Whatever happens, I very rarely finish the poem. Last week I tried to do that but then they kept lingering. Or, maybe I finish it, but I want to let it percolate. So I drive to work in a mad rush, always late, singing at the top of lungs, letting music feed me. Sometimes I listen quietly and wait for those musical moments that give me strength, hope, laughter. I remember who I am, so many times, while I drive my red car, a moving musical. Sometimes I even hold up my hands like I'm recieving the Holy Spirit or something, which I feel odd about (the lifting of hands, not the Holy Spirit), yet I do it without thinking. I just find myself in that place, well, with one hand on the wheel, of course. Yesterday was a bad day, when I realized that the iPod thingy that I plug into the cigarette lighter in the car was broken. Springs everywhere. It was a terrible thing. What was I going to do without my music infusion? So it wasn't surprising when the day derailed and the only thing that made it better was my mama's infinite love for me, and some damn fine cornbread. And the best tamales I've ever eaten.

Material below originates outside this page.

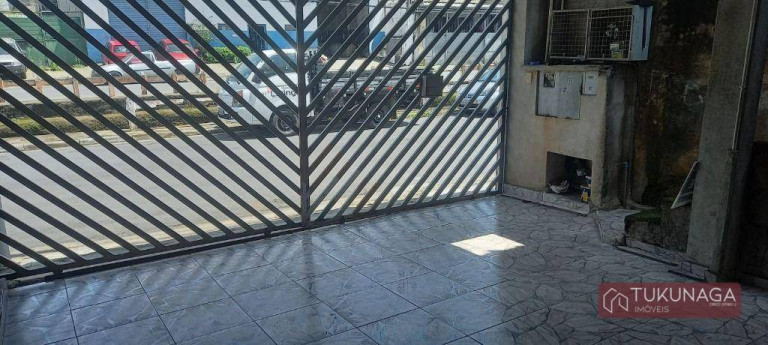 Imagem Casa com 5 Quartos à Venda, 162 m² em Jardim Vila Galvão - Guarulhos Imagem Casa com 5 Quartos à Venda, 162 m² em Jardim Vila Galvão - Guarulhos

When a quiet moment comes in the midst of teaching, I take a sheet of blank paper, fold it in half, and start scribbling. I look out the window a lot, tap my pen. I put the paper away, pull it back out. Sometimes it feels like I'm dealing with a kid having a major meltdown - give it space, back away, then dart in for a hug when they finally collapse into sobs. When I catch the thread of what the poem wants to say, it feels like I've just made it into the last elevator going down or up, that moment where you barely slip through the space. In a movie it would be that moment I came face to face with my one true love, and maybe I have. I could write a million metaphors, but what it always feels is like when you unlock your front door, and you breathe, finally, I'm home.

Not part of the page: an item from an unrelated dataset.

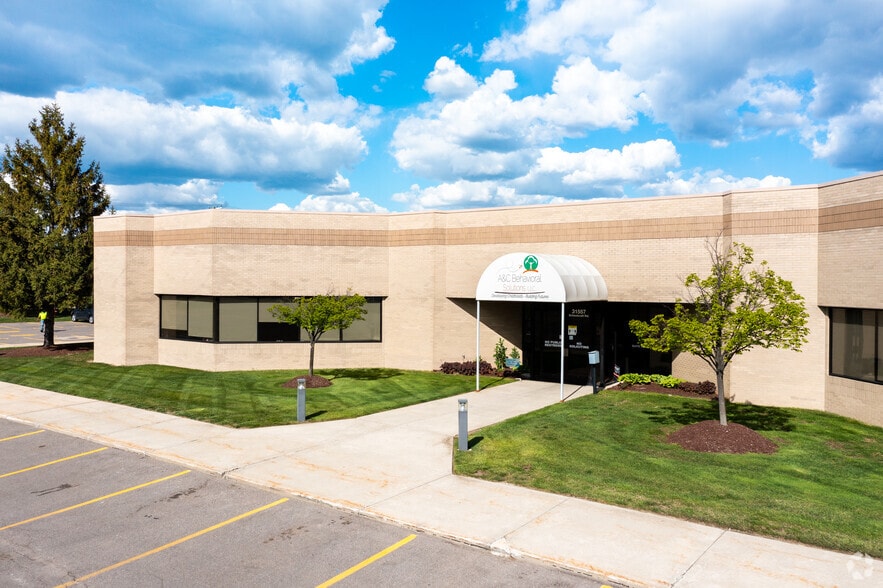 More Photos Of 31572 Industrial Rd, Livonia Unknown For Lease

I find I always edit a bit when I type them out, in ways that surprise me. There's something about the spatial sense of the "compose post" screen where I find myself rearranging lines or realizing what's really necessary or not at this point. This is the most elementary of editing. All of it makes me think about this story I've heard; how Eudora Welty would literally cut out her sentences and rearrange them. Thank all the heavens I don't have to resort to that, but it makes me smile.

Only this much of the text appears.